* [DIRECTIONS FOR THIS TASK] A verbatim transcript of the data that follows, free of images, is the expected result.

[Data items]
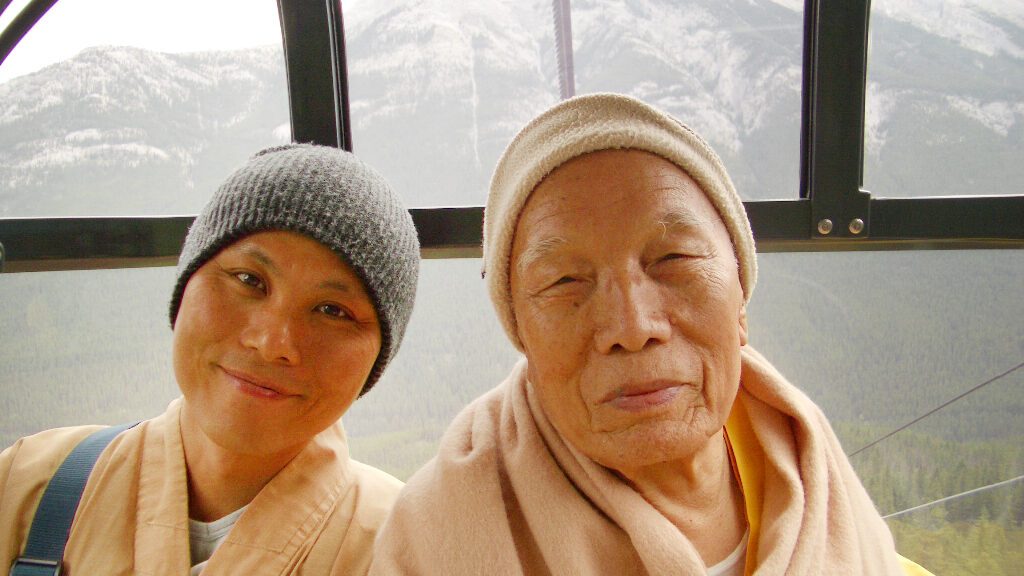 Smiling duo in winter hats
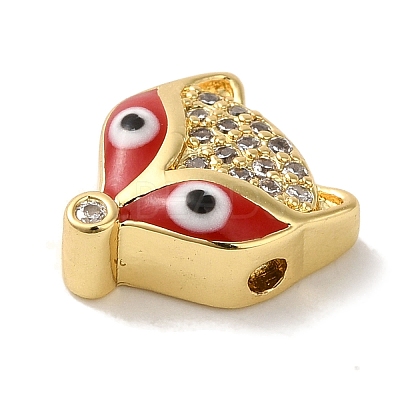 Rack Plating Brass Micro Pave Clear Cubic Zirconia with Enamel Pendant KK-P267-18G-1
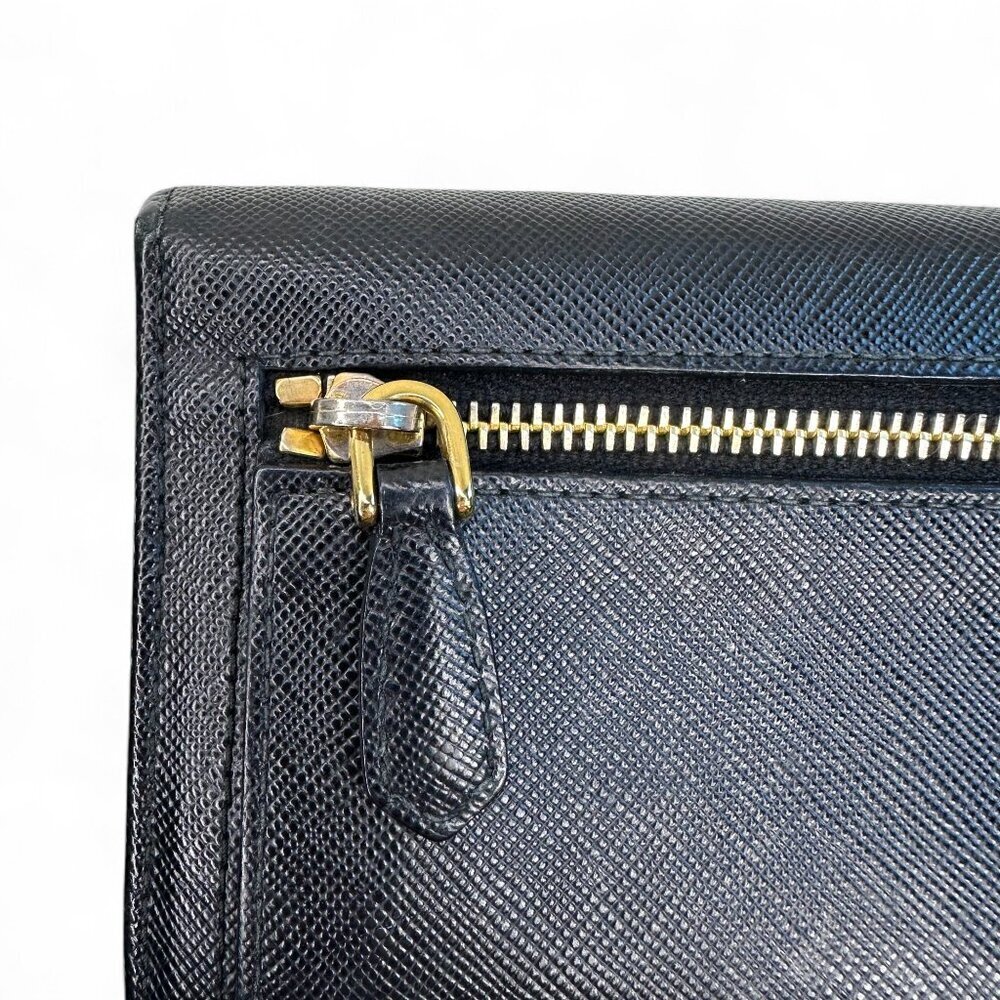 Prada Women's Long Saffiano Black Leather Bifold Ribbon Wallet - Picture 10 of 16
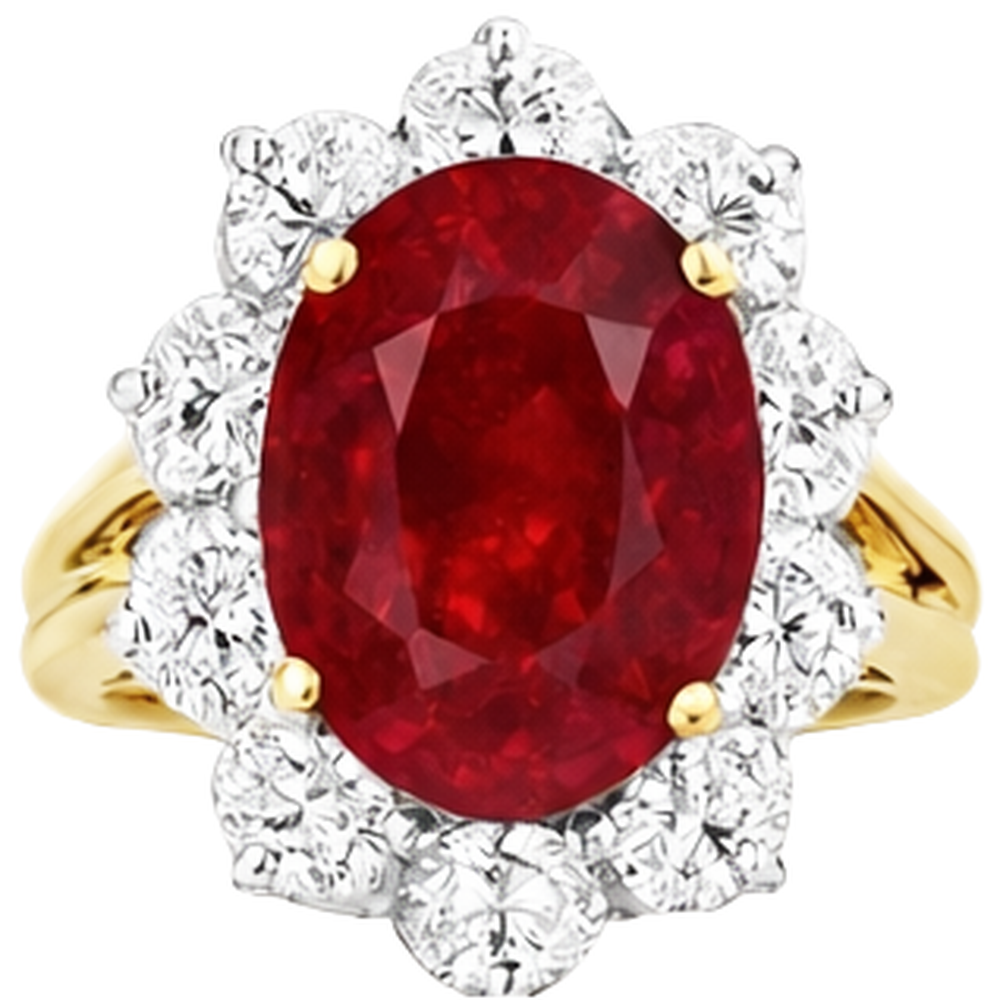 Two Tone Gold 3.50 Ct Brilliant Cut Ruby With Natural Earth Mined Diamond ( Not Lab Grown )s Ring New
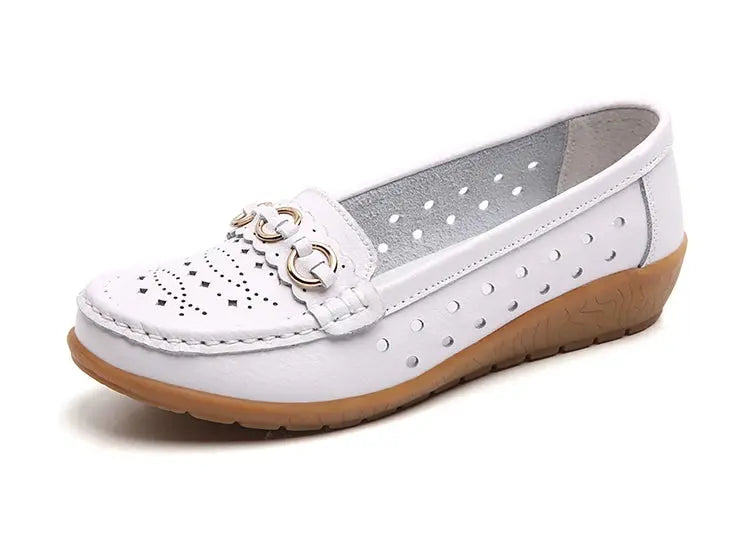 TrenLux Wear Women's Breathable Hollow Wedge Loafer Pumps — Slip-On Leather Flats, Sizes 35–44 TrenLux Wear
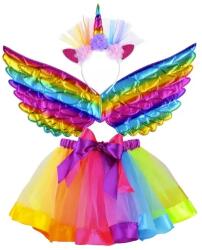 Kruzzel Szivárvány Színű Egyszarvú Jelmez: Szoknya, Szárnyak + Fejpánt (00022962)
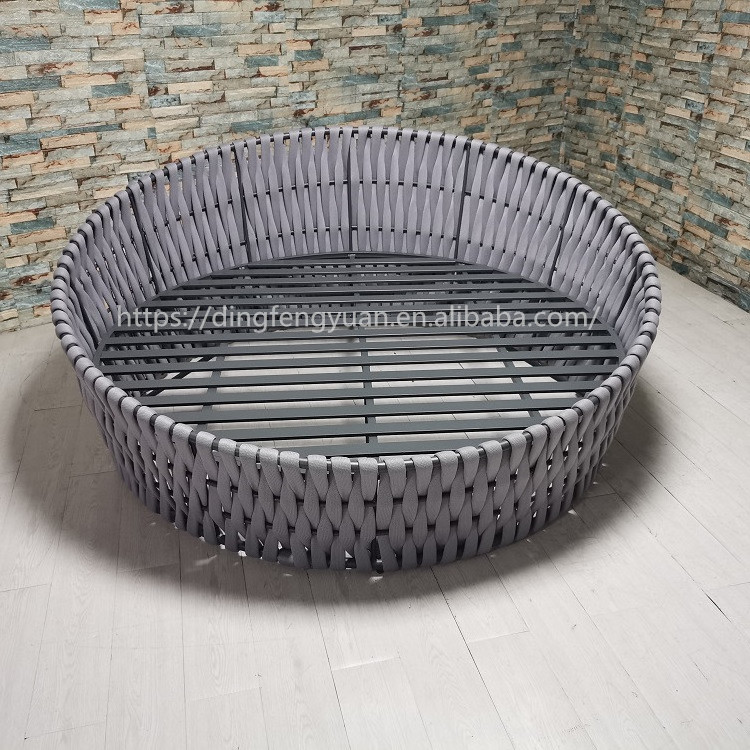 Garden  Patio Double Round Daybed Aluminium Beach Lounge Modern DayBed Outdoor Furniture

* [RESULT]
 Smiling duo in winter hats
 Rack Plating Brass Micro Pave Clear Cubic Zirconia with Enamel Pendant KK-P267-18G-1
 Prada Women's Long Saffiano Black Leather Bifold Ribbon Wallet - Picture 10 of 16
 Two Tone Gold 3.50 Ct Brilliant Cut Ruby With Natural Earth Mined Diamond ( Not Lab Grown )s Ring New
 TrenLux Wear Women's Breathable Hollow Wedge Loafer Pumps — Slip-On Leather Flats, Sizes 35–44 TrenLux Wear
 Kruzzel Szivárvány Színű Egyszarvú Jelmez: Szoknya, Szárnyak + Fejpánt (00022962)
 Garden  Patio Double Round Daybed Aluminium Beach Lounge Modern DayBed Outdoor Furniture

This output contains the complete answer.